The best beaches in Myanmar’s Mergui Archipelago are on islands that are named Kyun Phi Lar, Nyaung Wee I, Lampi Island, and Macleod Island, though many of the unnamed ones have incredibly beautiful beaches as well. It really is a case of just getting here, hiring local people to sail you between the islands.
The beaches are simply adorable. Beautiful white sand, crystal clear turquoise waters, picture-postcard palm trees and wooden houses for the indigenous population. Think of your ideal desert island getaway and you’ll get the picture.

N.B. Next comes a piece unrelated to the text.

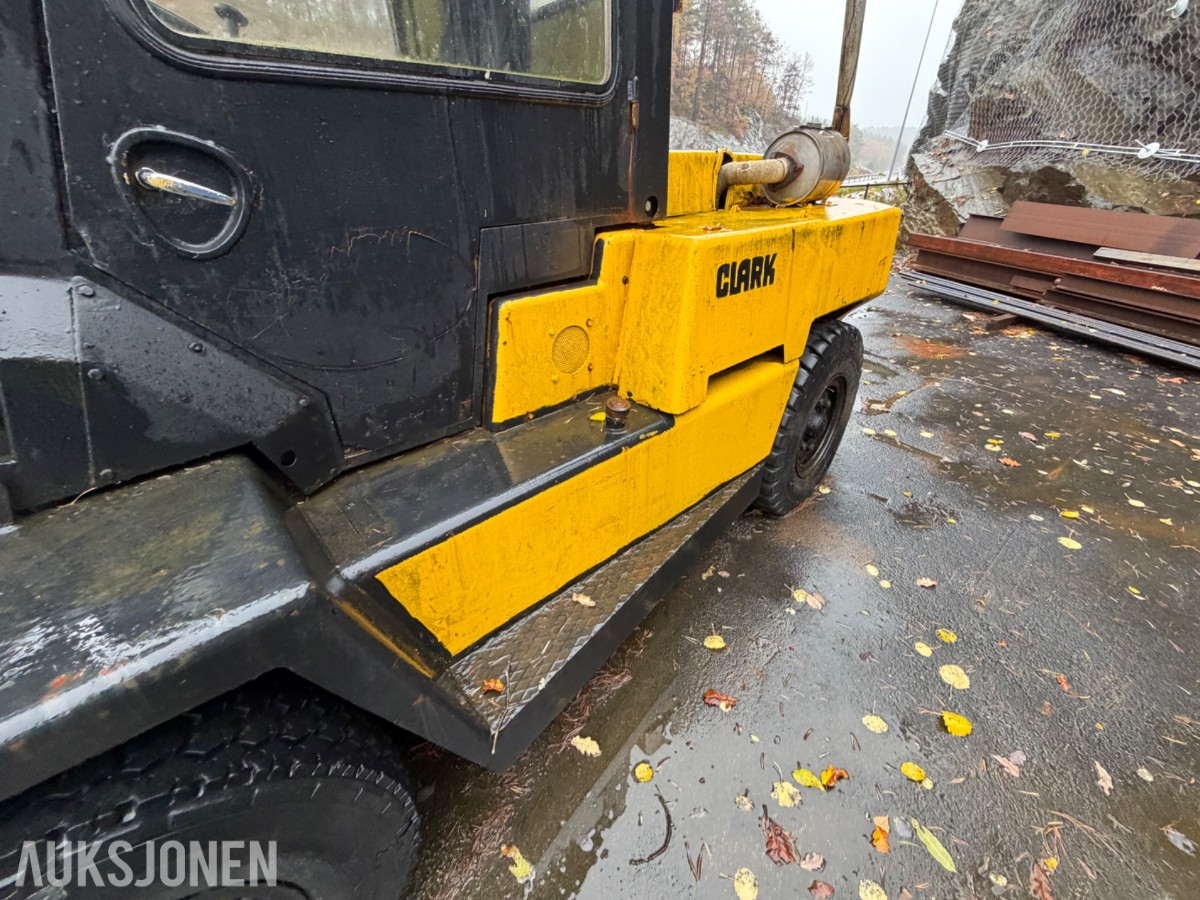 1982 Clark C500-Y35D Gaffeltruck, hydr gaffelspredning, tilt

So for sun, sea and sand lovers, the best beaches in Myanmar are absolutely some of the best in the whole of Southeast Asia. A country that is relatively new to tourism, is working hard to develop things in a natural way. For sure over the years some of these places will get overdeveloped as more and more people realize the astonishing natural beauty here. However, for now, it is still a truly wonderful place to come for beach lovers. There has never been a better time to experience this whole country and in particular its beaches.